At resumption of court proceedings last week, some of us were shouldering that burden less elegantly than others. I noticed during nightly replays of the court feed that my head was almost permanently bowed and, when it wasn’t, I wore the look of someone who’d forgotten what day of the week it was. Apparently, when it comes to my expressions, focused and confused are indistinguishable.
Argument ahead of sentencing is an alien concept to many of the foreign journalists covering the trial, certainly as far as calling witnesses is concerned. Some were bemused that it isn’t left to legal counsel to make the case for a harsh or lenient sentence. From my vantage point on the second row of the public gallery, I found their scepticism had merit: to what extent does lay testimony, in particular, fortify the chaff rather than reveal the wheat? On the other hand, who would deny the families of victims an opportunity to contextualise their loss?

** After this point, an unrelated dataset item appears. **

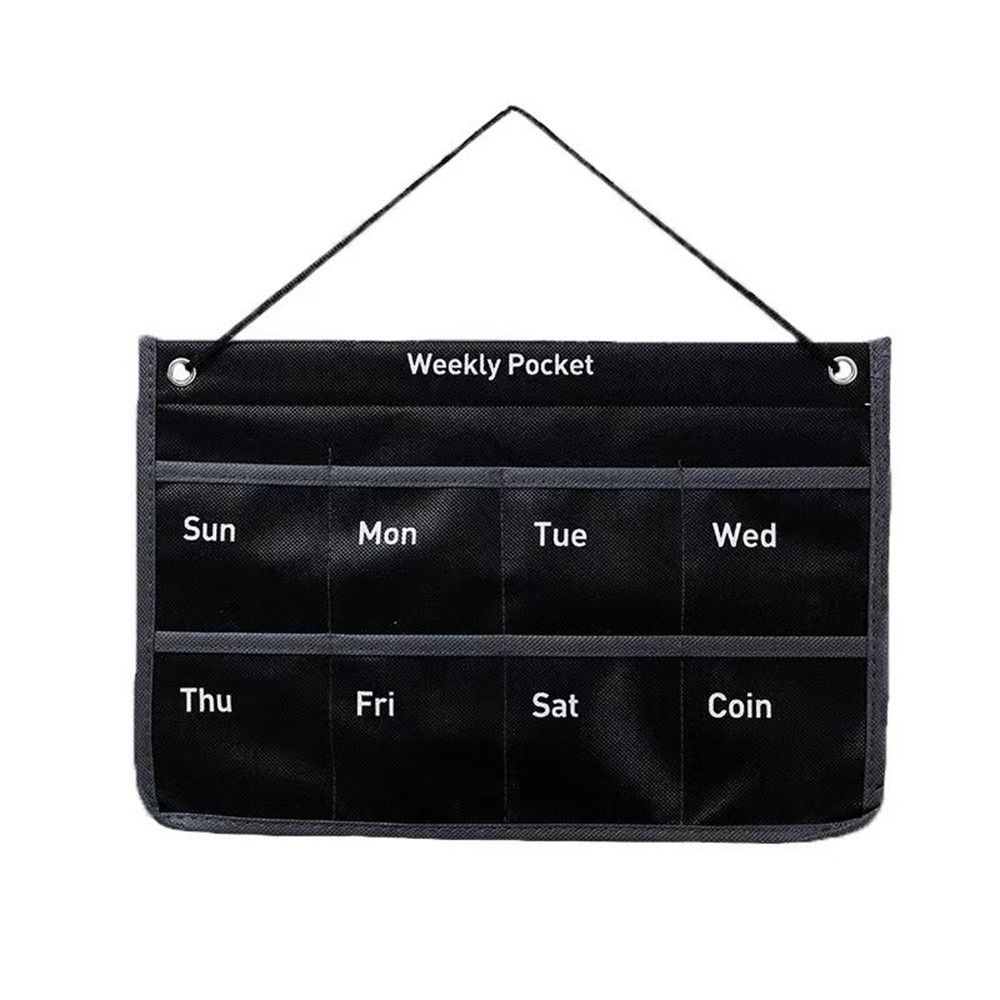 

Attractive Decorative Weekly Numbered Hanging Chart Holder Calendar Bag With Pockets Storage Bag чёрный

We’ll be better placed to gauge the impact of last week’s testimony when Judge Masipa hands down sentence on July 6. Her response to some of the issues raised by both Barry Roux and Gerrie Nel will likely be lost in the clamour around the form and duration of the sentence. But, her contribution to the continuing debate around the perceived bias of expert witnesses in particular, as well as the line between legal and direct intent will be vital.
Much of Roux’s closing argument was directed at sections of society which he said had wilfully confused *Dolus Eventualis with **Dolus Directus. In other words, despite findings to the contrary, Oscar continued to be cast as the villain who had intentionally shot and killed his girlfriend, Reeva.
He clearly wasn’t suggesting Masipa was guilty of the same conflation, but it’ll be interesting to hear her thoughts on the issue.
If society has refused to accept the findings of two courts, and continues to believe Oscar charged down the passage to his bathroom with ‘evil intent’ then questions might well be asked of the role of the media in perpetuating that belief.
And, if Roux is correct, perhaps there’s room to reflect for both courtroom veteran and novice. In between bows and posterior cramp, that is.